Paulo Portas não vai ser candidato à liderança do CDS no congresso, que deverá acontecer em abril do próximo ano, e garante que com isso abre a porta ao futuro do partido. Um futuro, disse, que não será apenas nas caras da liderança, mas também de fundo. O futuro “não deve ser olhado como um problema, mas como uma oportunidade. É algo que traz ao CDS renovação e não continuidade. É uma decisão que em qualquer caso deverá permitir ao CDS renovar a sua liderança, reposicionar a sua estratégia, recomeçar a sua luta, refletir um novo projeto e uma nova agenda”, disse.

E foi sobre o futuro do partido, que já não liderará na frente, que mais se debruçou.
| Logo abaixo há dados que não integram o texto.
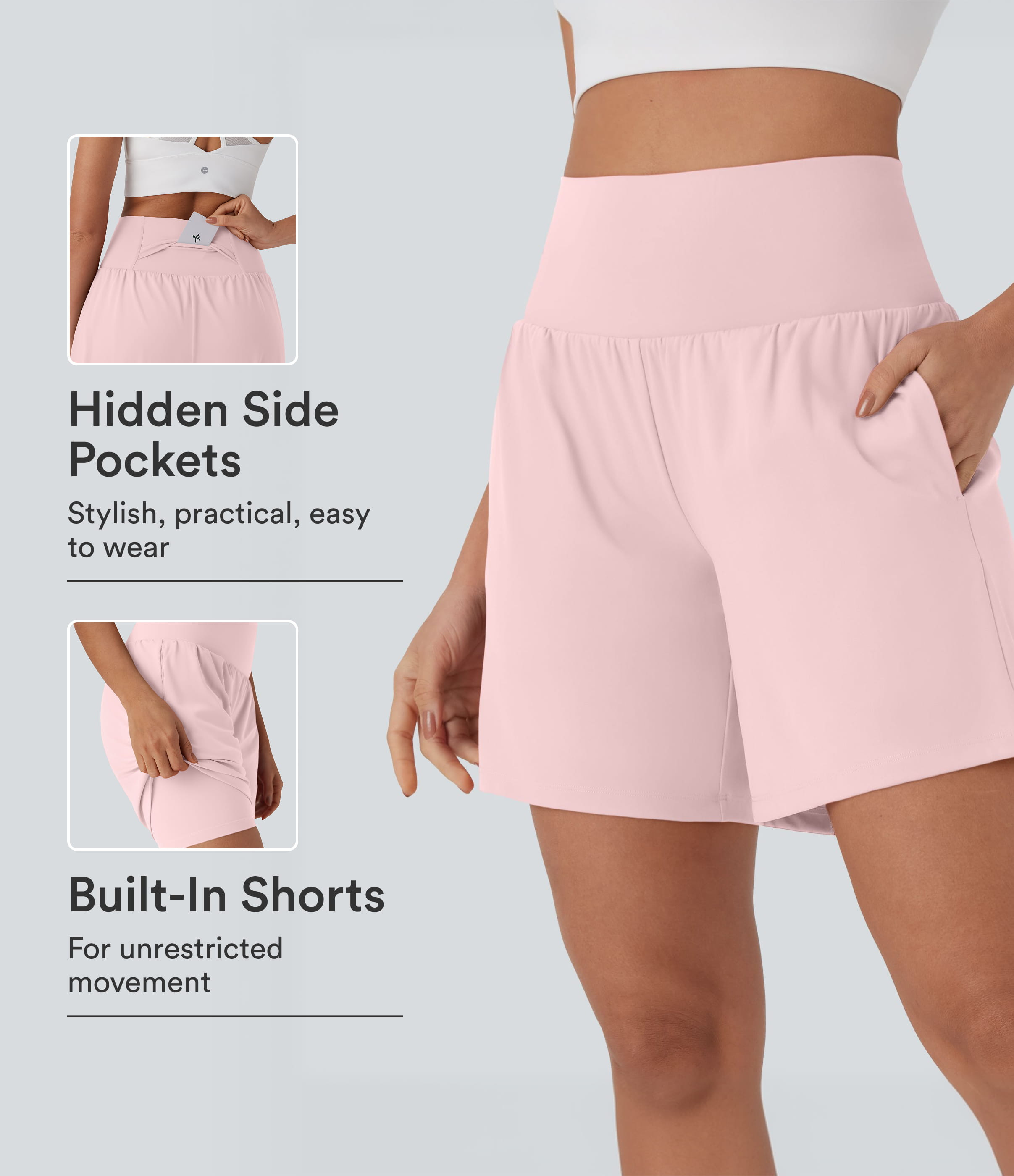 Women’s SoftlyZero™ Airy Super High Waisted 2-in-1 Cool Touch Yoga Shorts 7" with Pockets - H... | HALARA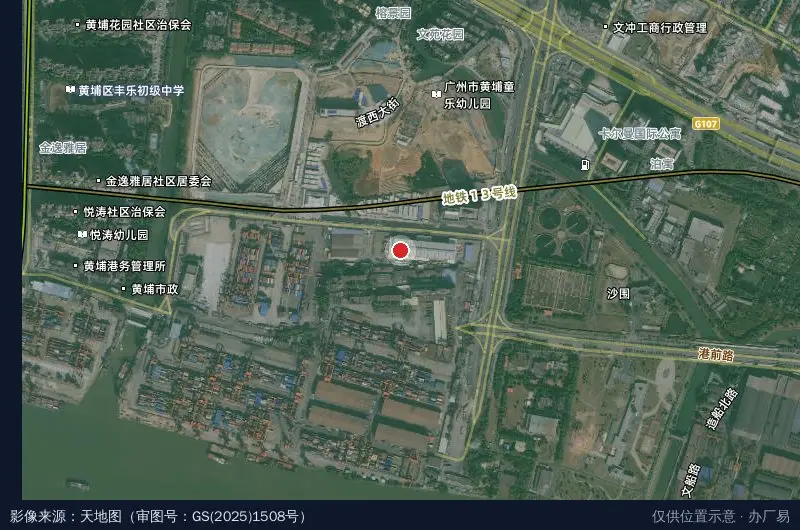 中外运北沙物流中心卫星位置示意图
Em tempo de saída, é tempo de mostrar confiança em quem lhe seguirá. Ainda não se sabem os nomes daqueles que avançarão para a liderança, mas Portas quer deixar os “militantes e simpatizantes” tranquilos. Até porque, lembrou, se houve líder que preparou a sucessão, foi ele.

“Conheço, percebo, mas não estou excessivamente preocupado com natural e muito democrática preocupação que possam ter os nossos militantes e simpatizantes. Tenho uma grande esperança na nova geração do CDS e acho que chegou o tempo de um ciclo político novo dar grandes responsabilidades”, disse.

Por detrás da decisão do líder que há mais tempo estava à frente de um partido, ficaram “três razões simples”, garantiu. Em primeiro lugar o tempo. Nas contas do centrista estavam não só aqueles anos que já passou à frente do CDS, como aqueles que o esperavam pela frente. Acredita que se ficasse, e tendo em conta as circunstâncias políticas, não o faria por apenas mais dois anos. “Quase 16 anos de liderança de uma instituição (…) é tempo que baste. Não quero que o exercício da autoridade por demasiado tempo me faça perder exigência comigo próprio e com os outros. Se me candidatasse agora teria de estar disponível não para um mandato de dois anos, mas para vários mandatos de vários anos. Os da oposição e os da reconquista e os do regresso do centro-direita ao governo”. Contas feitas, seriam “para lá de 20 anos o que, com muita franqueza, não é politicamente desejável”.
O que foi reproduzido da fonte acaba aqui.